On the trail at Lost Maples State Natural Area, Vanderpool, Texas. (Photo: mikemarvins.com)

“The Hill Country was one of the first places in the country where they brought exotics over from Africa and Asia for hunting purposes,” he said. “You can be on the backroads and see zebras and all kinds of antelopes – they’re all fenced in, but they’re still all over the place.”

He was riding around a few months ago, he said, looking for a good sunrise, and was amazed to see a magnificent herd of at least 75 Axis deer peacefully grazing in a field. That photograph, of course, is in the book.

Most of the book was just born of serendipitous rambling. But one theme kept coming up that inspired some deeper digging, and that was the story of the original German settlers, whose descendants still populate the region by the thousands. In making photographs, he’d start talking with the residents and find that their great-great-grandparents were among the first Europeans to settle those lands, and that they were basically pioneers – German settlers fleeing civil war and persecution at a time when Germany’s aristocracy was resisting any serious reform.

This early German settlement has shaped the character of the Hill Country in some colorful and surprisingly authentic ways. Many of the communities founded by the German settlers in the 1850s are still intact and thriving – not just Fredericksburg and New Braunfels but Comfort, with its one hundred-plus historic buildings, and Luckenbach, the “Texas Outlaw Music capital of the world.”

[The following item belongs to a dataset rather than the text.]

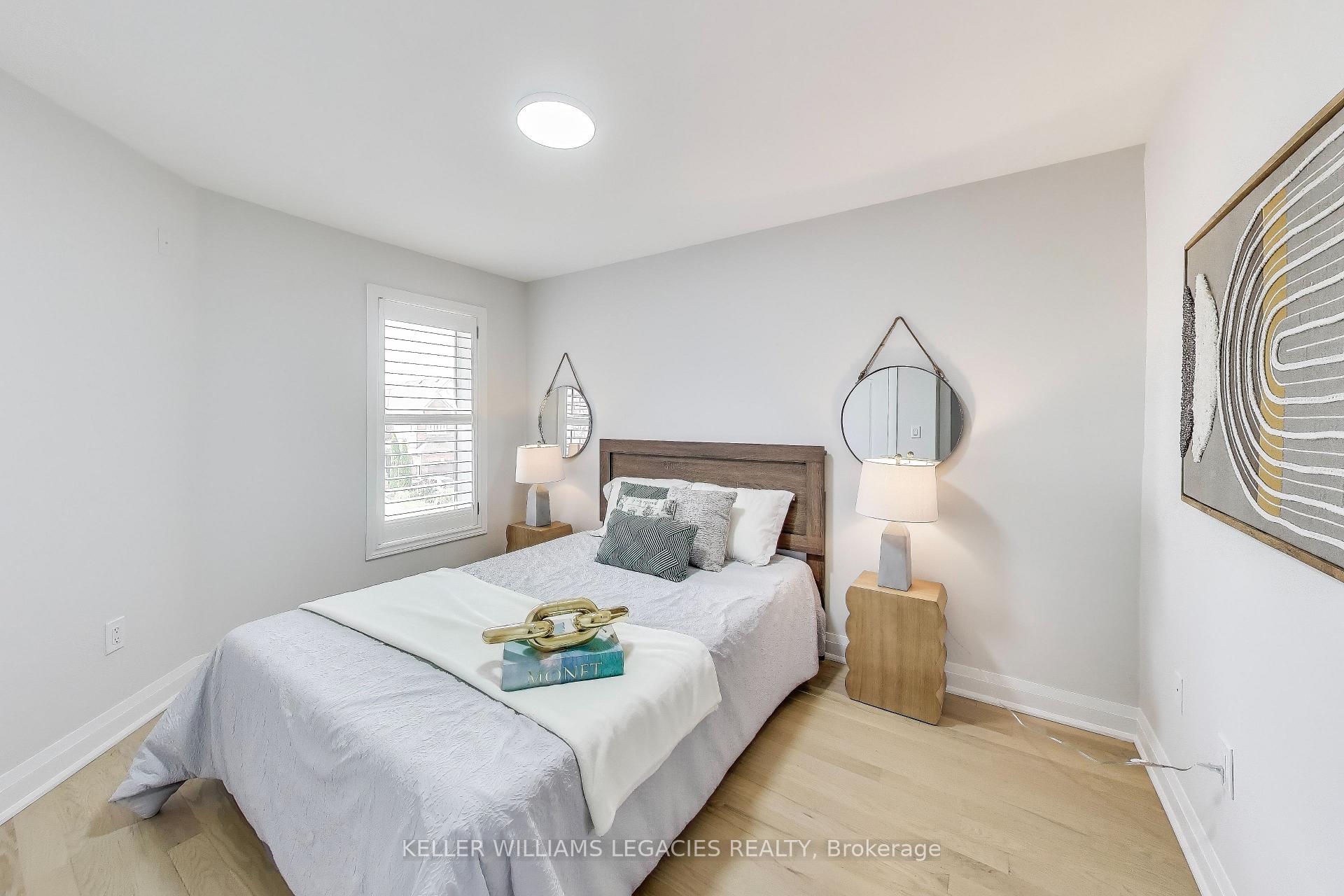 Photo 22 of 12 Tuscana Boulevard, Vaughan, Patterson — HOMEH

The Texas Hill Country: A Photographic Adventure is due for release on Oct. 11 by Texas A&M Press. The book launch is Oct. 25 at the Kerr Arts and Cultural Center in Kerrville. On Oct. 27-28 he will be signing books at the Texas Book Festival on the Capitol grounds in Austin. It will be in bookstores and can be preordered now (mikemarvins.com).

The book, which includes contributions by Houston Chronicle columnist and editorial writer Joe Holley and the Harry Ransom Center’s Roy Flukinger, will undoubtedly bring back memories for many and inspire travel plans for many more. So now it’s time to grab your own camera, head for the hills and make some memories of your own.